= Ellis Foote =

American poet

Ellis Foote (16 Nov 1911 - 8 Sep 1991) was an American poet. Largely self-educated, the vibrant, experimental work he published in the 1940s, largely unknown today, endeared him to such Western literary figures as Vardis Fisher and Alan Swallow, and may have influenced writers of the Beat Generation.

==Life==

Foote was born near Quitchumpah Creek in Emery County, Utah. He attended school only through the ninth grade, and was largely self-educated, taking classes at Brigham Young University and other extension programs. A member of the Church of Jesus Christ of Latter-day Saints, he spent his missionary period in Council Bluffs, Iowa, and Leadville, Colorado. He married Norma Schreiner on May 20, 1937 in the Salt Lake LDS Temple. They would have five children.

In the early 1940s, through the writing programs organized by the poet Brewster Ghiselin at the University of Utah, Foote was introduced to a Western literary community. His associates included Ghiselin, the novelist Vardis Fisher, the critic George Snell, and the poet Francis Golffing. He spent his final years in Boulder, Colorado.

Foote published his works in a number of literary journals, including American Book Collector, New Mexico Quarterly, Prairie Schooner, and Neurotica. His first book was the first—and evidently the only—volume published by the Rocky Mountain Review. Foote's second major book was published by Alan Swallow.

Foote withdrew from publishing in the early 1950s, focusing on a career in municipal administration. During his professional life, he served as city manager for several Western settlements, including Moab, Utah, which he noted was "in the heart of the Colorado Plateau country where all the uranium is being discovered." He was the first town manager of Hayden, Arizona, and served in similar capacity in Needles, California, and Willcox, Arizona.

During his period of withdrawal from the literary world, Foote continued to write for himself and a close circle of friends. He began to issue collections of his work once more in the 1970s. These later works were self-published in very limited quantity for private distribution.

==Critical reception==

In a review, the publisher Alan Swallow noted that Foote's first book "is composed of experiments in a good many styles by a poet who obviously has not yet found his best method. The work is a good bit better than merely encouraging however.... Foote indicates that he is a poet to be reckoned with." Rather more sardonically, critic Tom Trusky called Foote "the first interesting and experimental poet from Zion." Vardis Fisher thought enough of Foote's work to use a poem by him as the epigraph for his book, Thomas Wolfe As I Knew Him and Other Essays (1963).
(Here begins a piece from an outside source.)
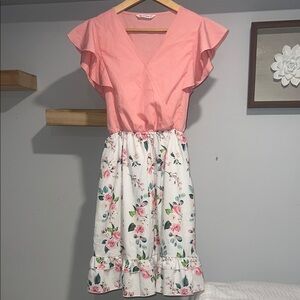 Pink and White‎ Floral Dress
A review of Foote's Layman’s Fall in Poetry rhapsodized: “Mr Foote’s long symbolic poem is a remarkable achievement, showing great boldness of design as well as finesse of craftsmanship. … Throughout the composition we find a dazzling display of verbal and metaphysical wit and, what is more, a Mozartian lightness of touch, almost unknown in English literature outside of Joyce and Sterne.”

The literary historian R. J. Ellis suggests that an experimental poem Foote published in the first issue of Neurotica, a journal edited by Jay Landesman and treasured by literary bohemians, likely inspired writers of the Beat generation: "Ellis Foote's wild neologisitic experiments in "Hall Whalemocked the Damned" may (almost as much as Joyce's Finnegans Wake) have influenced Kerouac, whilst Foote's long-line forms may have been noticed by Ginsberg." A later issue of Neurotica featured a collaboration by Ginsberg, Kerouac, and Neal Cassady that represented their first commercially published work.

==Selected works==

- Ballad of Garn Dull and Other Poems. Ogden, Utah: Rocky Mountains Press, 1943
- Layman's fall : a fantasy in the joyous mode. Denver: Alan Swallow, 1947
- "Hail whalemocked the damned ...", Neurotica 1 (Spring 1948) p. 29-30
- Blood's Pass and other poems: for Norma and the A's and B's. Salt Lake City: Ellis Foote, 1948.
- "The Unholy Testator" (on Vardis Fisher), American Book Collector, September 1963
- Down Apples from the Old Orchard. Willcox, AZ: Hunt N. Pluck Co. 1977
- By the dry lake's edge and other poems: selected 1977-1978. Willcox, AZ: Ellis Foote, 1978
- Earth turning to morning: selected poems. Boulder, Colo.: Ellis Foote, 1990.